The character of Perry Mason was portrayed in various Hollywood films of the 1930s and 40s, and a long-running radio program from 1943 to 1955. "When Erle Stanley Gardner was reluctant to allow CBS to transform Mason into a TV soap opera, (CBS) created The Edge of Night. For that latter enterprise, John Larkin, radio's best identified Mason, was cast as the protagonist-star, initially as a detective, eventually as an attorney, in a thinly veiled copy of Mason."
Gardner also created characters for the radio programs Christopher London (1950), starring Glenn Ford, and A Life in Your Hands (1949–1952). "As on other Gardner-inspired narratives, someone else actually penned the scripts."

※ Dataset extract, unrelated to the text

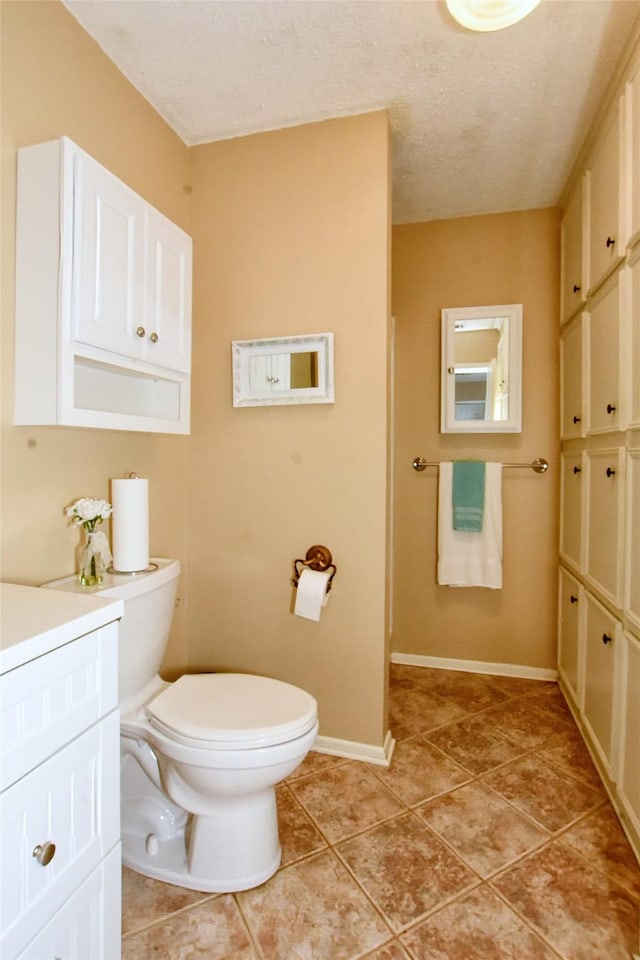 bathroom with toilet, vanity, a textured ceiling, and tile patterned floors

Eventually Perry Mason became a long-running TV series with Raymond Burr as the title character. Gardner himself made an uncredited appearance as a judge in the final episode of the original series titled "The Case of the Final Fade-Out." In the late 1980s and early 1990s, Mason was revived for a series of made-for-TV movies featuring surviving members of the original cast, including Burr.
Under the pen name A. A. Fair, Gardner wrote a series of novels about the private detective firm of Bertha Cool and Donald Lam. He also wrote another noteworthy series of novels about District Attorney Doug Selby and his opponent, the rascally Alphonse Baker Carr. This series is an inversion of the motif of the Perry Mason novels, with prosecutor Selby being portrayed as the courageous and imaginative crime solver and his perennial antagonist A.B. Carr being a wily shyster whose clients are always "as guilty as hell".
The Harry Ransom Humanities Research Center currently archives Gardner's manuscripts. The library has constructed a miniaturized reproduction of his study room.
Gardner held a lifelong fascination with Baja California and his written works became an authority on the early exploration of the Mexican peninsula. He used various modes of transportation to traverse Baja, including boat, oversized trucks, airplane and even helicopter.
In a real murder trial case in Arizona, the district attorney used The Case of the Curious Bride as the basis for his line of questioning. According to the Gardner Mystery Library (Walter J. Black, Inc.): "The Arizona murder trial was going badly for the district attorney. He knew the accused was guilty; but because of a quirk in the law, he had no hope for a conviction. Then, one day, the district attorney called the suspect's wife to the stand and started an unexpected line of questioning. When the judge demanded an explanation, the district attorney produced The Case of the Curious Bride by Erle Stanley Gardner. In it, he said, Perry Mason used the same questioning. The judge withdrew to his chambers, and when he returned, he allowed the district attorney to proceed with his ingenious approach. It changed the course of the trial and led to a verdict of 'Guilty.